Suprasegmental level

Two different parameters concerning the speed of speech were measured using the speech fragments. While the speech rate is defined as the duration of utterances including pause intervals (Jacewicz et al., 2009), the articulation rate excluded pauses (Quené, 2008). The total duration of the speech fragments were measured with the Avisoft-SASLab by measuring the distance between the first and the last visible articulation in the envelope.
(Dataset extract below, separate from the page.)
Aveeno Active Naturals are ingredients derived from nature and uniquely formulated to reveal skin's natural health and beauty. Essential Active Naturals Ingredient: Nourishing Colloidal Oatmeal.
The speech rate was then obtained by dividing the syllables of the speech fragments through the total duration. For the articulation rate, all sections without audible articulation were measured manually using an FFT with the following settings: FFT length: 1024 points, sampling frequency: 5.5 kHz, Hamming window and 98.43% overlap, resulting in spectrograms with a frequency resolution of 5 Hz and a time resolution of 2.9 ms. The articulation rate was then calculated by dividing the syllables through the duration of audible articulation.
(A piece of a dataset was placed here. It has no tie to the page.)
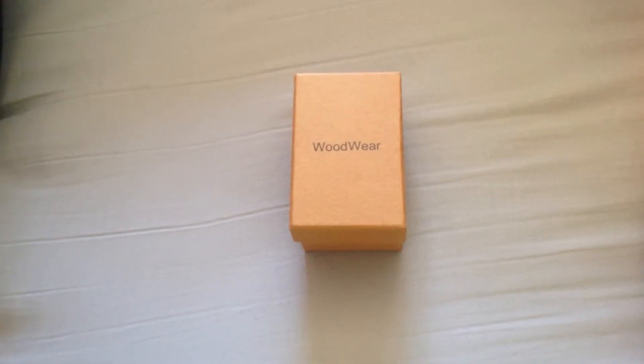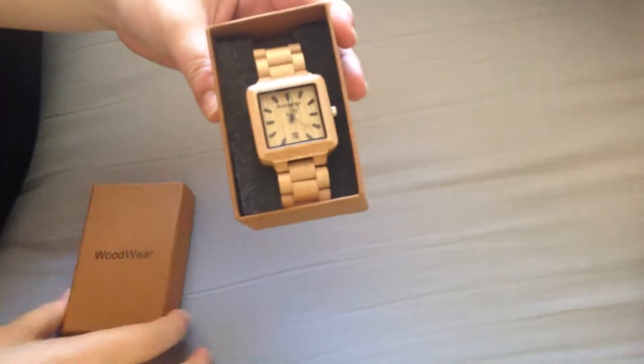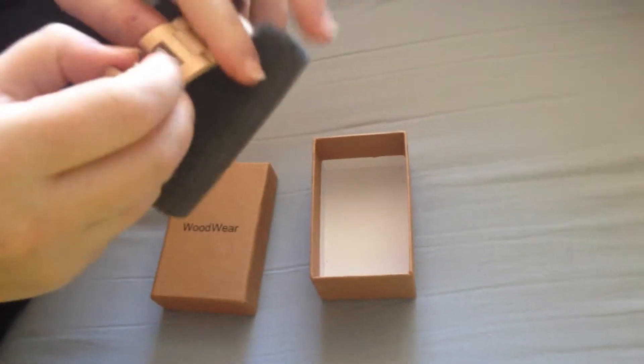Hi everyone, it's Erica from Base Draft Thoughts, and I'm here to introduce you to Woodwear Watch. Here's the box it came in, and here's the watch. It's secured onto a foam insert for shipping and storing.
The variability of the F0 on the basis of the speech fragments was analyzed by measuring the F0 in intervals of 0.2 s by hand using the Avisoft-SASLab-Pro Free reticule cursor. For this purpose, spectrograms were generated (sampling frequency of 2.2 kHz, Hamming window, and 98.43% overlap) with a 1.1-kHz frequency range, a time resolution of 7 ms, and a frequency resolution of 2 Hz. The SD of the F0 measurements (F0 SD) was than calculated and used as the parameter for F0-variability.

Statistical analysis

To extract a small set of uncorrelated factors out of the large set of parameters calculated from the vowels, a principal component analysis with varimax rotation and Kaiser normalization (KMO = 0.864) was conducted for all vowels for which LMA detected a tonality of more than 10% and for which at least the first two formants were calculated correctly (N = 781). The analysis resulted in 13 factors with an Eigenvalue greater than 1 that explained 76.7% of the variance. The interpretation of each factor and its explained variance are summarized in Table 2 (see Appendix II for the description of all parameters with high factor loadings).

Table 2

Influence of the different conditions on the factors for the vowels “a,” “e,” and “i.”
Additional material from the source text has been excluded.